I was watching the sprayer go across the field and remembering it was a while ago that part of weed control included cultivating. Cultivating is a task that is a now a memory. How many farms like ours have a cultivator sitting in a corner of a shed that was parked there thinking it would be used next season and that season never arrived?

Has it been that long ago since we attached the cultivator to the tractor? Then I realized my son is part of a generation of farmers that has not used a cultivator. Now I am starting to feel old.

If cultivators have the same status as threshing machines, does that mean their only use will be for a few days at some farm show devoted to those nostalgic days of yesteryear? Has the cultivator become a relic of the past?

I do wonder that if I needed parts for it, if I could get them. Do they even make new cultivators anymore?

However, I am not ready to see my cultivator cut up for scrap yet. I am also not ready to think about using it again either.

The cultivator covered 30 feet at a time and the sprayer covers 60 feet. The cultivator moved at about half the speed of the sprayer too, maybe less. We won't talk about my occasional mistakes when I would take out several rows of corn or soybeans when I wasn't paying attention to my driving while cultivating.

Today's herbicides take out the weeds in between the rows plus the weeds between the plants. The cultivator was only good for between the rows unless we go back to wire checking like the generation of farmers before me who were able to cultivate a field in any direction.
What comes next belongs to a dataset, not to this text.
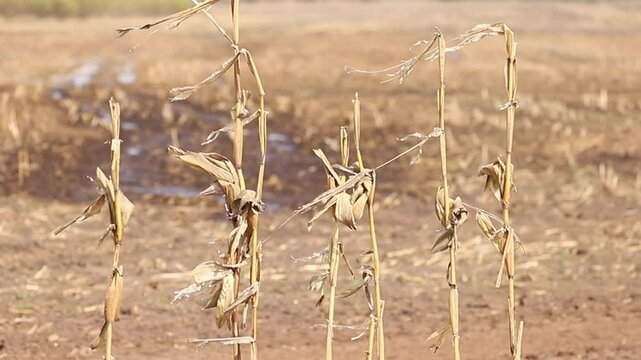 Corn stalks dry and wilt in a parched field, reflecting the harsh impact of drought on crops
Before you start thinking that cultivating is now a part of the past, how about this thought? It is appearing that corncobs will be the next crop we harvest as cellulosic ethanol is developed and cobs will be a new source for biofuel.

Does this mean that when we harvest our corn crop we will separate the corn from the cob in the field and haul out two crops? Or will we harvest our corn like we did long ago and haul the entire ear of corn out of the field to be delivered to the ethanol plant where they will grind everything? In other words, we are back in the business of ear corn with corn pickers and cribs. Is that possible?

I may be sitting in a room by myself right now, but I can hear the groans of farmers clear across the Corn Belt at this minute with the idea that harvesting ear corn could be a future possibility. That would be a shakeup to the combine, bin, and drier industry as we build corncribs. Would our semi trucks have to pull flare boxes?

If ear corn were to become common again, what is to say that for some reason, cultivating will once again be the thing to do? Although I can't come up with a single reason why cultivating would look like a good idea.

Let's all stick around and find out what the future holds. Someday we may be as the farmers of long ago who wire checked when planting so we can cultivate in either direction across the field. We will do it with our GPS and a tractor with auto steer. Auto steer was just made for cultivating in all directions. We will go forward into the past.